In what is being seen as the result of a tussle between rival federations, India’s top taekwondo players—including the country’s highest world-ranked man and woman—might be forced to choose between competing at the World Championships in Azerbaijan or taking part in selection trials to pick the Indian team for the Asian Games.
In a letter sent to state associations and central organisations on May 17, the Taekwondo Federation of India announced it has been given sanction by the Ministry of Youth Affairs and Sports (MYAS) and Sports Authority of India (SAI) to conduct selection trials to select “probables for National coaching camp in preparation of our (Indian) team for Taekwondo events in the forthcoming Asian Games”.
The Taekwondo Federation of India (TFI) said it has given the proposal to the IOA to sanction trials at SAI, Lucknow between May 27-30. “On receipt of approval from Indian Olympic Association (IOA) we will inform our affiliated state associations,” the letter read.
The letter was issued one day after MYAS had sent a letter to SAI informing it to conduct trials to select a taekwondo team for the Asian Games. However, the trials coincide with the dates of the Taekwondo World Championships that will be held in Baku, Azerbaijan from May 29-June 4.
The root cause of the situation may be the fact that there are two rival bodies that claim to run the sport in India.

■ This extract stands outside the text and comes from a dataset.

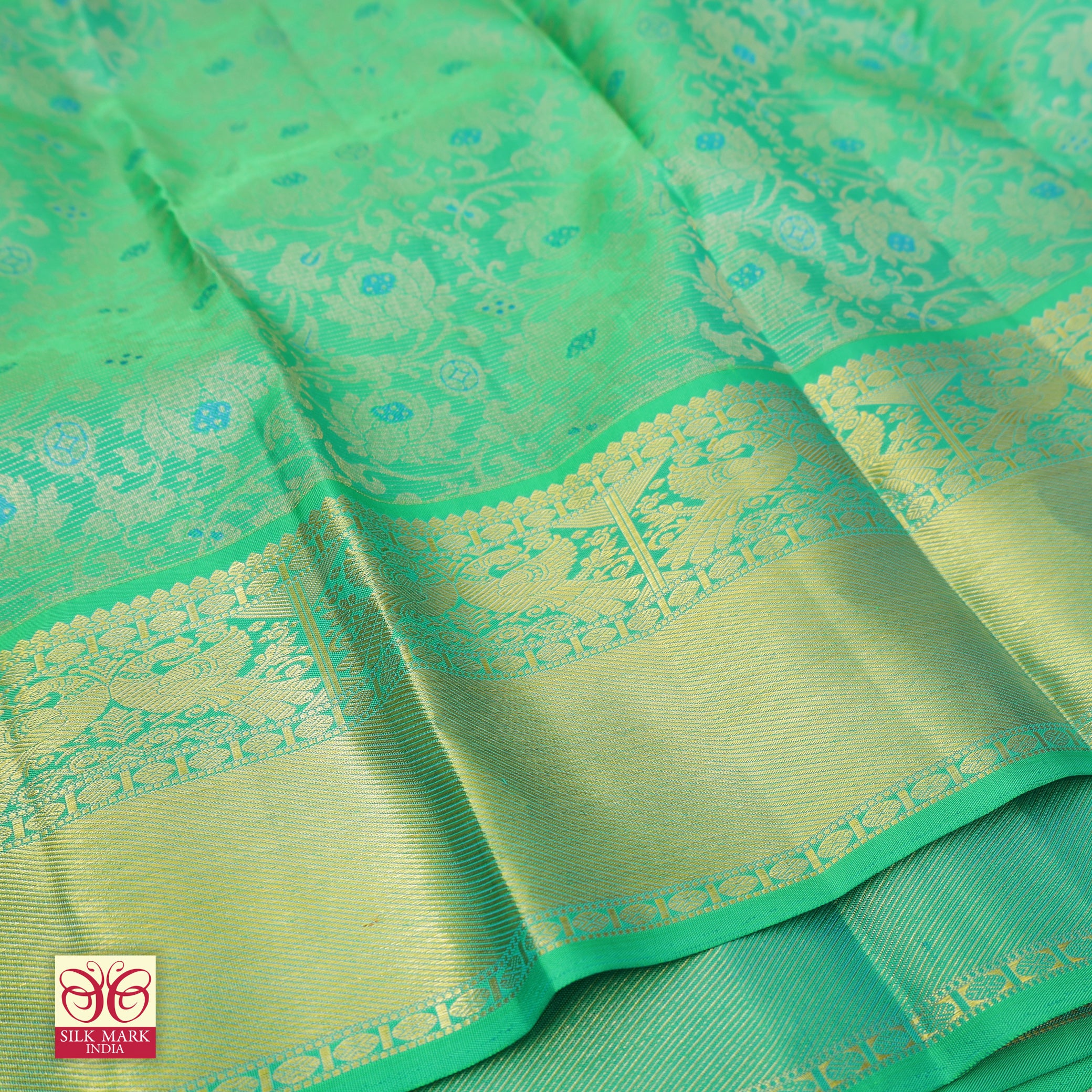 Sea Green With Gold Zari border Subhalaya Wedding Silk Saree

The Asian Games trials are being conducted by the TFI. The federation was granted recognition by MYAS as a National Sports Federation (NSF) for the promotion and regulation of the sport in India in March this year. Annual recognition of the National Federation had not been renewed after 2014 due to compliance issues with the Federation.
However the TFI has not been recognised by World Taekwondo, the international body, recognised by the International Olympic Association (IOC), that governs the sport. World Taekwondo instead recognises India Taekwondo (IT) as the Indian federation. In fact, the team for the World Championships was selected following the national championships conducted by IT in Nasik in March.

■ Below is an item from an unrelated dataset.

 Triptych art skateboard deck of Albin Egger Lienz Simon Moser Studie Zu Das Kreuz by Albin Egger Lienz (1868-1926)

That team comprises 16 athletes (eight men and as many women), including Aman Kadyan, who at world number 18 in the men’s 54kg category is the highest-ranked Indian in the world standings, and Latika Bhandari, a three-time Asian Games competitor. These players have subsequently been training, initially in Tamil Nadu and subsequently in Gurgaon, in order to prepare for the Worlds event.
However, the announcement of the selection trials for the Asian Games on dates that coincide with the World Championships have muddled those plans a day ago. “The trials for the Asian Games overlap with the start of the World Championships. Even if it was possible for us to even fly out after competing in the trials, we wouldn’t be in any shape to compete at the Worlds,” says a member of the team who had been selected for the World Championships. The player wished to remain unnamed in order to avoid falling afoul of the TFI.

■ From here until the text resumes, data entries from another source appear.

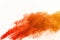 Abstract of colored powder explosion on white background. Orange powder splatted isolate. Colorful cloud. Colored dust e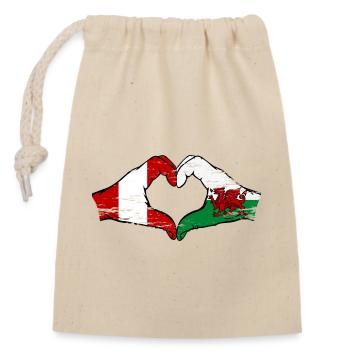 Peru Wales flag hands heart shape used - Closable cotton gift bag (14x20cm) - nature - Front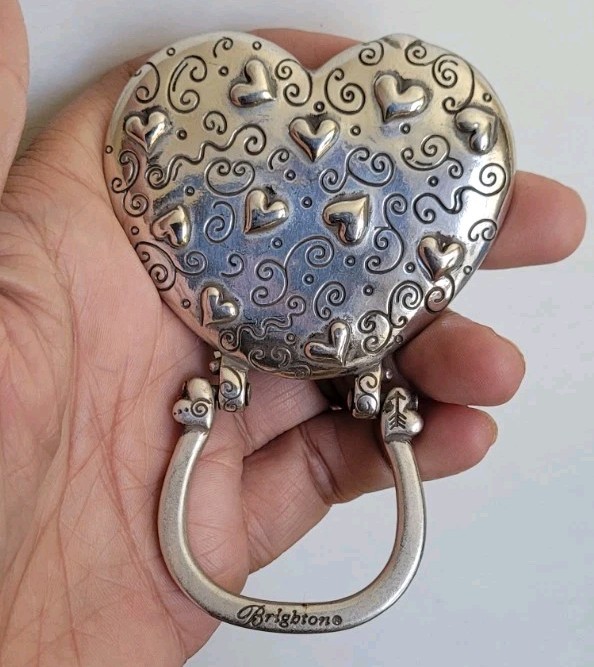 Brighton Heart Shaped Clock Art Glass Watch Hearts Silver Original Box, Dust Bag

Should the players skip the World Championships in favour of the Indian trial, they will likely face a financial hit as well. With the IT not recognised by the Indian government, athletes who were part of the team competing at the World Championships are entirely self-funded as they had been over the last nine years when there was no singularly-recognised national federation.
“Athletes have had to pay for their travel and other expenses by themselves. It has worked out to between 2-2.5 lakh rupees per athlete. Many of the athletes have had to take out loans in order to compete at the World Championships. The expenses for things like flight tickets had already been made in advance. The problem is that the Asian Games trials were announced just 10 days before the players’ flight to Baku,” says a coach who did not wish to be named.
Players say they would have been able to make a more informed choice had they been made aware of the dates of the Asian Games trials well in advance. On May 4, the Indian Olympic Committee issued a letter signed by CEO Kalyan Chaubey, asking athletes, coaches, and support staff of federations where there were ‘disputes’ to send copies of their passports and photographs to the IOC, following which dates of selection trials would be announced. All the members of the team that is travelling to Baku have sent a copy of their passports and photographs.
“All of us want to take part in the Asian Games. Ideally, the federation should have set the dates for the trials after the conclusion of the World Championships. Right now, we are not sure what to do,” says a player.
TFI secretary general RD Mangueshkar was at first seemingly unaware of the fact that the dates of the selection trials as well as the world championships were clashing. “If the players are preparing for the world championships, they should also be in a position to take part in the selection trials for the Asian Games,” he said.
On being informed that the World Championships and the selection trials were indeed overlapping, Mangueshkar said, “If these players are good enough to win a medal (at the worlds) then we might consider them.” Mangueshkar however said that there was no possibility of the selection trials for the Asian Games being postponed. “It is not just us who are conducting trials on these dates. Handball, karate and volleyball trials are also being conducted. We have been told by the Sports Ministry that we have to conduct the trials before a certain date, so we have set the dates for the trials as the 27th, 28th and 29th of May. We are recognised by the Sports Ministry, so we have to run in accordance with them,” he said.